Buck up, California, and learn from Rhode Island’s big pension reforms

Rhode Island is a tiny state with just over one million people in one thousand square miles. California is 37 times more populous and many times that size. And yet, when it comes to public employee pension reform, the tiny state of Rhode Island is acting both bigger and bolder.

For years, Rhode Island lawmakers watched fearfully as the state’s required pension contributions, the second-fastest-growing line item in its budget, exploded, doubling from 2003 to 2010. Without significant reforms, the liability was on track to double again by 2013. Lawmakers knew that if the pension liability remained unchecked, it would severely limit funding for other budget priorities.

California finds itself on a similarly unsustainable path. Earlier this month, the California Teachers’ Retirement Board announced that the $152 billion pension fund faces a $64.5 billion shortfall over the next three decades, an increase of $8.5 billion from last year. To put this in perspective, California spent $64.4 billion on K-12 education during 2010-11. Unless California acts to make its pension system more sustainable, the K-12 education budget – along with other important government priorities – will likely be carved up to feed the ever-growing pension deficit.

In Rhode Island, despite the growing recognition of the pension problem, the political obstacles to fixing it were high: The state is heavily unionized, and Democrats have held the legislature since World War II. But faced with numbers that threatened to devour the rest of the state’s $8 billion budget, an unlikely alliance between Gov. Lincoln Chafee (elected as an Independent), State Treasurer Gina Raimondo, a Democrat, and legislative leaders who were getting pressure from their home-district unions to avoid making any significant changes to the pension system, proposed and pushed through historic pension reform, saving $4 billion.

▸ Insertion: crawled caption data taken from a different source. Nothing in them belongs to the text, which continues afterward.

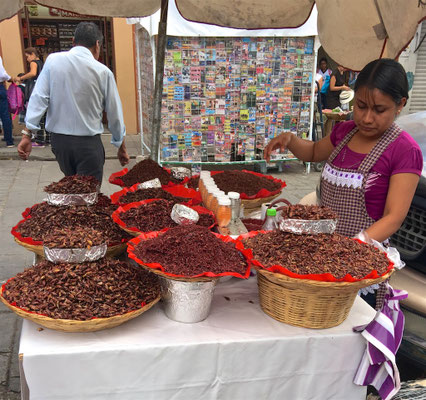 Verkäuferin von Chapulines auf einem Markt in Oaxaca de Juarez
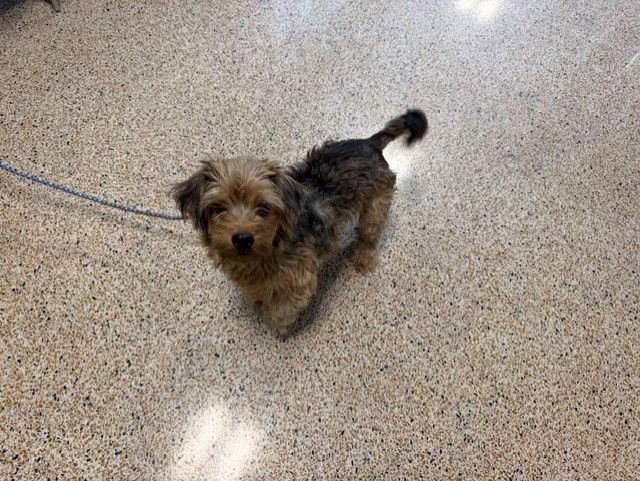 BLU - Yorkshire Terrier Yorkie available for adoption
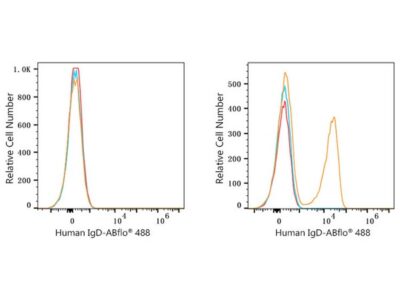 ABflo® 488 Rabbit anti-Human IgD mAb (A23112)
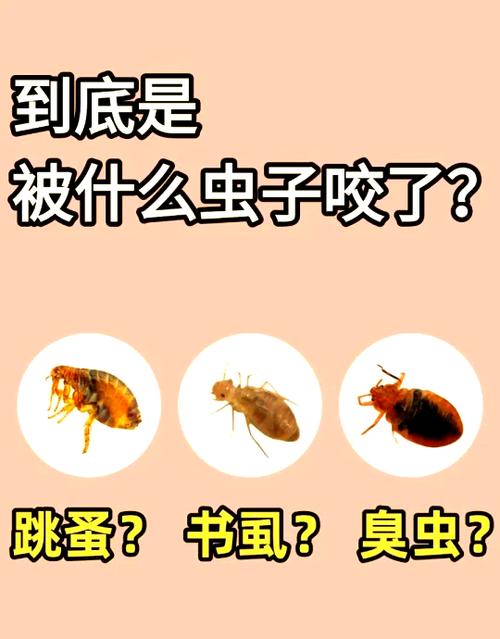 如何判断自己被哪种虫子咬了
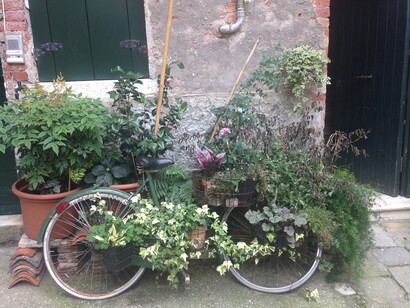 Giardino spontaneo a Venezia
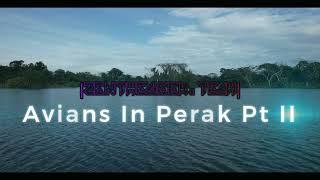 Avians In Perak Part 2 - ZenTheGeek Travels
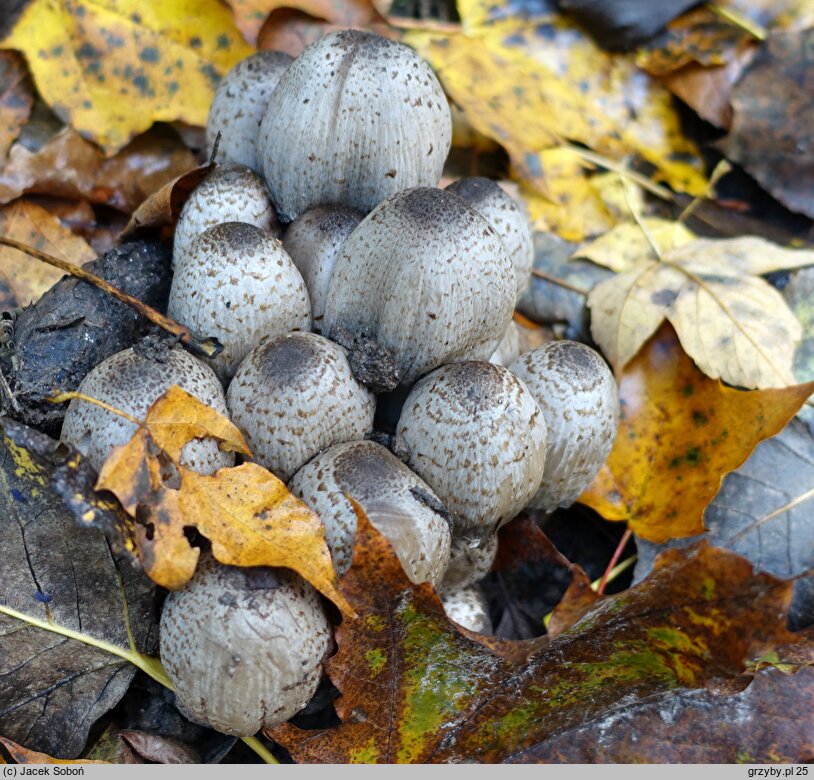 Coprinopsis romagnesiana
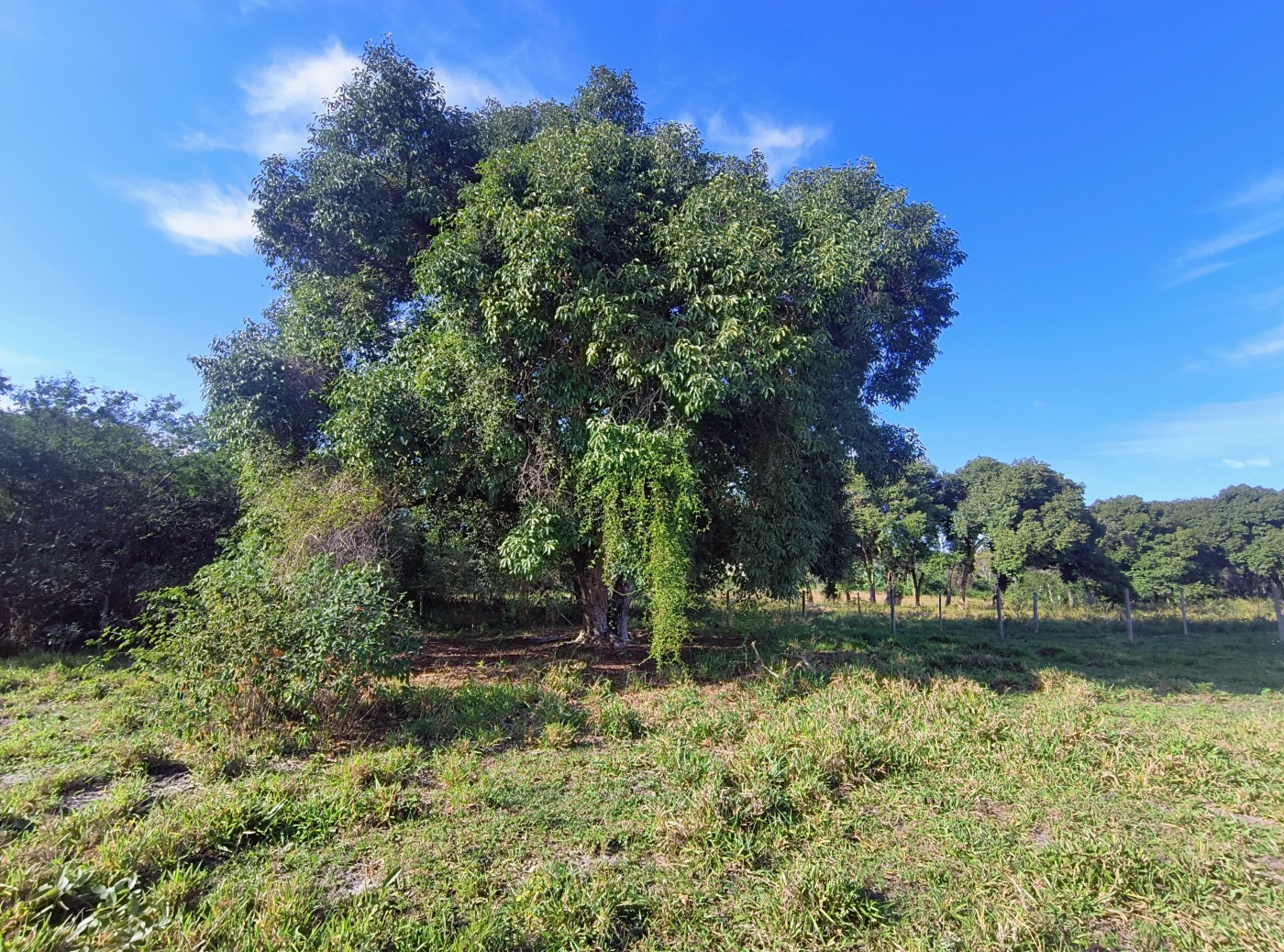 Terreno à venda, 2350m² - Foto 11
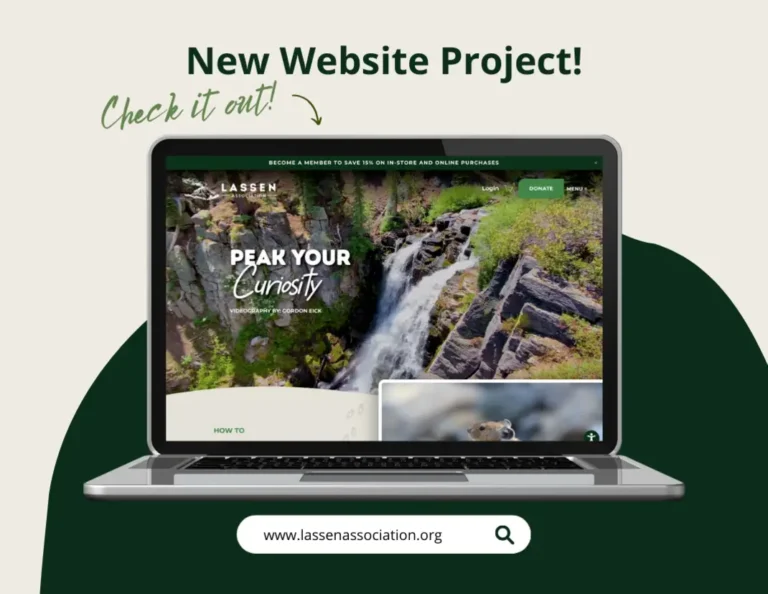 inbound226879815842258273 768x594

While most states just patch over their pension problems by slashing new teacher pensions or trimming minor provisions, Rhode Island made painful but necessary changes to its whole system. The reform law raised the retirement age for most workers and created a hybrid plan that combines a 401(k)-style account with a smaller defined benefit. The law also suspended cost-of-living increases to retirees for five years; after that, retirees will receive increases only if the pension fund is healthy. These changes, crucially, apply to new, current, and retired employees. While the law likely faces a legal challenge, the lawmakers wrote the bill to deflect that. They ensured that the reforms reflected a critical financial situation, used a temporary adjustment, and sought to share the burden across current employees, retirees, and taxpayers – a formula that also worked for similar reform in Minnesota.

California should take Rhode Island’s example to heart. Last fall, Gov. Jerry Brown acknowledged California’s dire financial situation when he released a bold 12-point proposal for pension reform. The proposal includes fundamental fiscal reforms such as raising the retirement age for new employees from 55 to 67, enrolling new employees in a hybrid plan, and increasing employee contributions to one-half of total pension contributions. The Democratic-controlled Legislature, however, continues to punt on substantive reform, focusing instead on relatively insignificant measures like eliminating pensions for convicted felons.

But while the political will is lacking, public will is not. In a nonpartisan poll last December, 83 percent of Californians thought that public pension costs were a problem. Sixty-eight percent of adults and 64 percent of public employees favored switching to a 401(k)-style plan. And earlier this year, in a surprising piece of political one-upmanship, the Republicans in the Legislature announced a package of bills identical to Governor Brown’s proposal.

California’s Democrats are beginning to look dangerously out of touch with budget realities – and with their constituents. Bipartisan support is crucial for pension reform, if only because the bar for implementing the governor’s proposal is high. Since teachers’ pensions are not subject to local collective bargaining, it will take nothing short of an amendment to the state constitution – a high bar indeed.

While California should recognize the serious consequences of pension reform for state employees and retirees, the state must act to secure pensions and protect its budget. Rhode Island is small but played big. California is big, and it needs to stop playing small.

Sarah Rosenberg is a policy analyst at Education Sector. Her research interests include teacher quality, public employee pensions, school improvement, and rural education. Before graduating from Duke University with a master’s degree in public policy, she taught high school English in rural North Carolina as a Teach for America corps member.